=== Supplied records ===

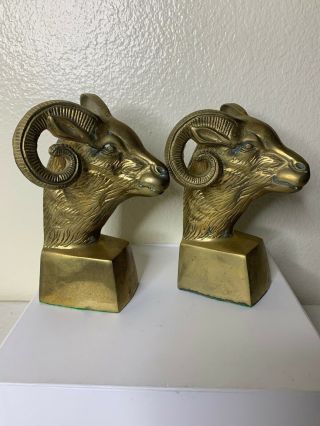 Rams Head Bookends Pair Vintage Brass Bookends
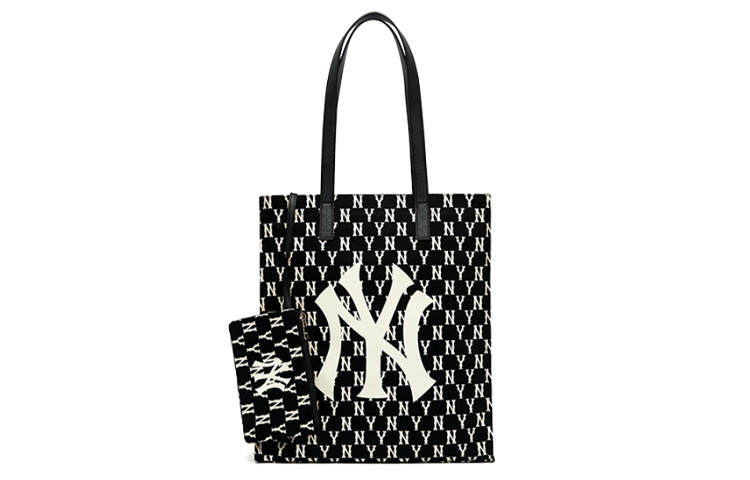 MLB Monogram Collection Artificial Leather Combo Bag, Tote Bag, Shopping Bag, Shoulder Bag, Handbag Unisex Black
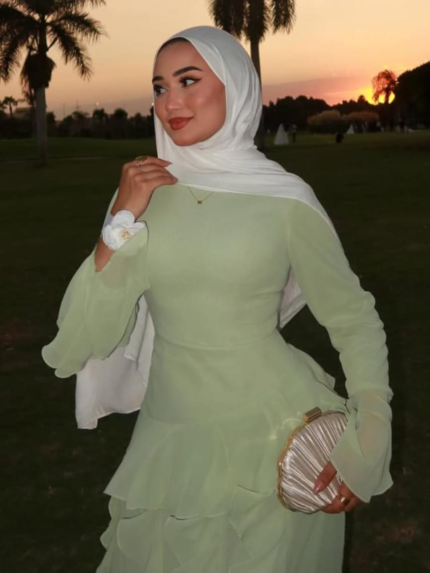 Mint green modest evening dress with white hijab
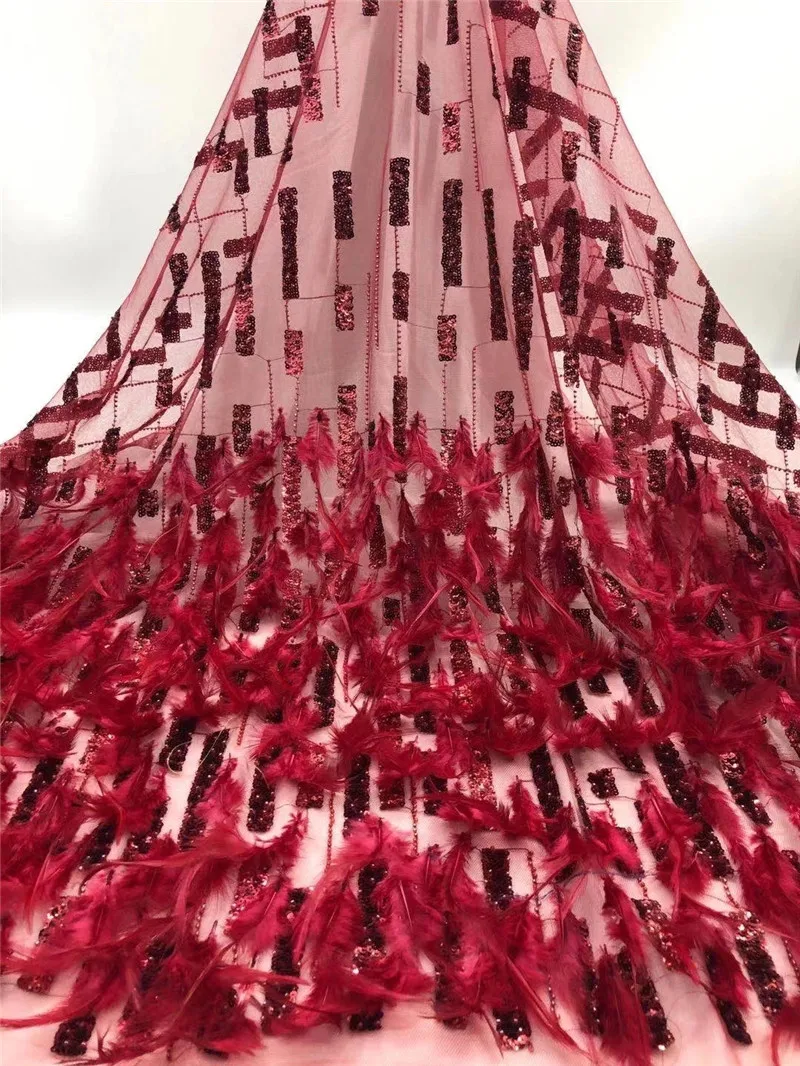 

5yards beautiful sequins french lace fabric good quality african net tulle lace fabric for lady party dress YAY104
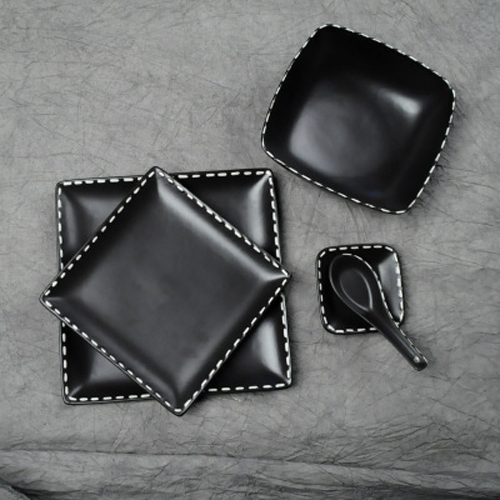 Dotted-line Edged Black Stoneware Cutlery Sets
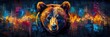 A captivating stare from a bear set against a backdrop of dramatic colors symbolizing courage and presence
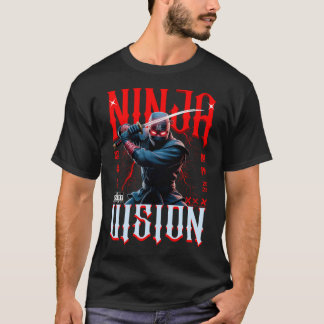Camiseta Ninja Empunhando Katana – Estilo Urbano Escuro de 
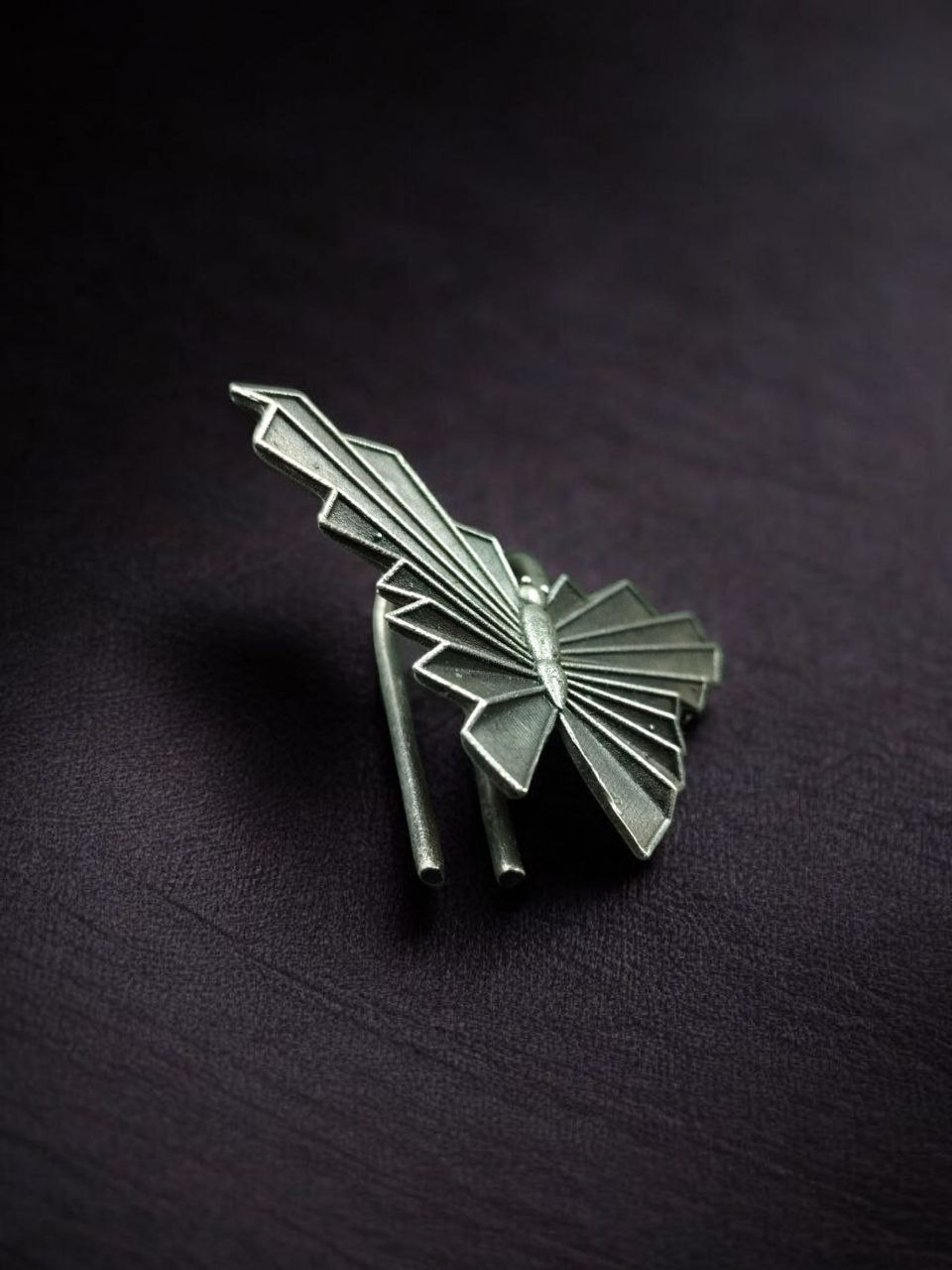 Beautiful Butterfly Hair Pin | Oxidized Silver Replica Daily Wear Accessory 4 Oxidized silver replica butterfly hair pin for daily wear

===

Exercise prompt -
Every record must be set down again exactly; pictures do not belong in the copy.

Response -
 Rams Head Bookends Pair Vintage Brass Bookends
 MLB Monogram Collection Artificial Leather Combo Bag, Tote Bag, Shopping Bag, Shoulder Bag, Handbag Unisex Black
 Mint green modest evening dress with white hijab

5yards beautiful sequins french lace fabric good quality african net tulle lace fabric for lady party dress YAY104
 Dotted-line Edged Black Stoneware Cutlery Sets
 A captivating stare from a bear set against a backdrop of dramatic colors symbolizing courage and presence
Camiseta Ninja Empunhando Katana – Estilo Urbano Escuro de 
 Beautiful Butterfly Hair Pin | Oxidized Silver Replica Daily Wear Accessory 4 Oxidized silver replica butterfly hair pin for daily wear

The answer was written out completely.